Siyi Chen, Thomas Töllner, Hermann J Müller, Markus Conci
Journal of Neurophysiology 2018 January 1, 119 (1): 347-355
Completion of a partially occluded object requires that a representation of the whole is constructed based on the information provided by the physically specified parts of the stimulus. Such processes of amodal completion rely on the generation and maintenance of a mental image that renders the completed object in visual working memory (VWM). The present study examined this relationship between VWM storage and processes of object completion. We recorded event-related potentials to track VWM maintenance by means of the contralateral delay activity (CDA) during a change detection task in which composite objects (notched shapes abutting an occluding shape) to be memorized were primed to induce either a globally completed object or a noncompleted, mosaic representation. The results revealed an effect of completion in VWM despite physically identical visual input: change detection was more accurate for completed compared with mosaic representations when observers were required to memorize two objects, and these differences were reduced with four memorized items. At the electrophysiological level, globally completed (vs. mosaic) objects gave rise to a corresponding increase in CDA amplitudes. These results indicate that although incorporating the occluded portions of the presented shapes requires mnemonic resources, the complete object representations thus formed in VWM improve change detection performance by providing a more simple, regular shape.
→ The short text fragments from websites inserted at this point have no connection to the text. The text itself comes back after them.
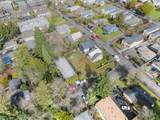 9165 Oregon St - Photo 6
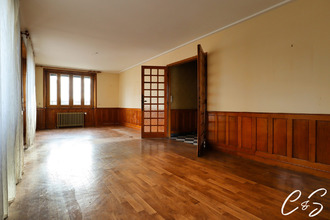 achat maison ploneour-lanvern 29720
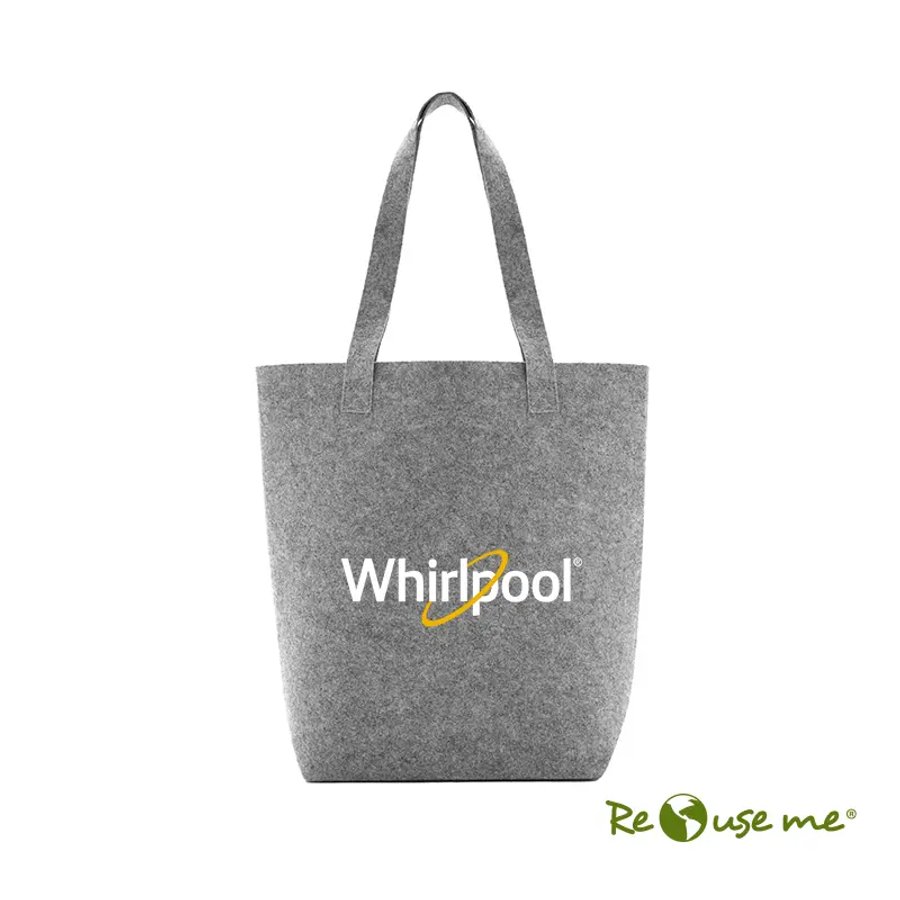 Tote Felt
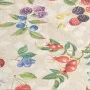 Stain-proof tablecloth Belum 0120-347 Multicolour 300 x 150 cm by Belum, Tablecloths - Ref: S9804892, Price: 43,25 €, Discoun...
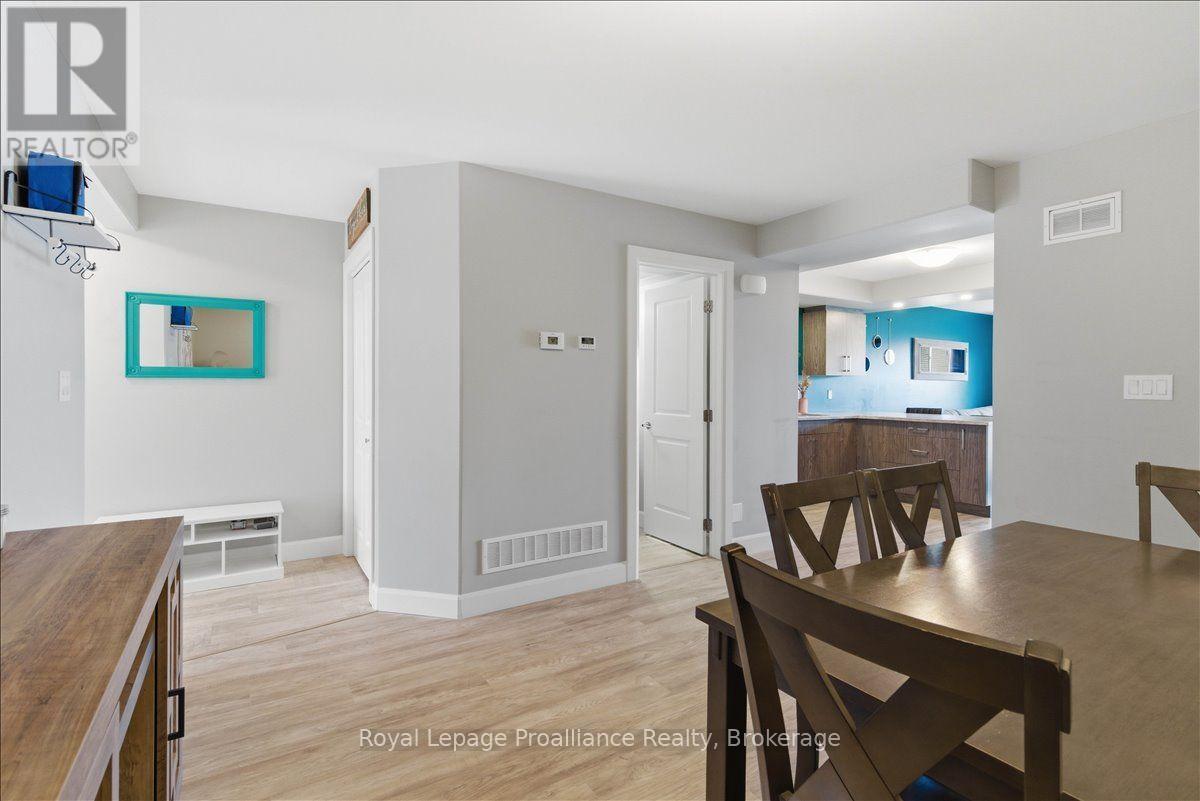 31 DEWAL PLACE - 7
Overall, these findings demonstrate that mechanisms of object completion modulate VWM, with the memory load being determined by the structured representations of the memorized stimuli. NEW & NOTEWORTHY This study shows that completion of partially occluded objects requires visual working memory (VWM) resources. In the experiment reported, we induced observers to memorize a given visual input either as completed or as noncompleted objects. The results revealed both a behavioral performance advantage for completed vs. noncompleted objects despite physically identical input, and an associated modulation of an electrophysiological component that reflects VWM object retention, thus indicating that constructing an integrated object consumes mnemonic resources.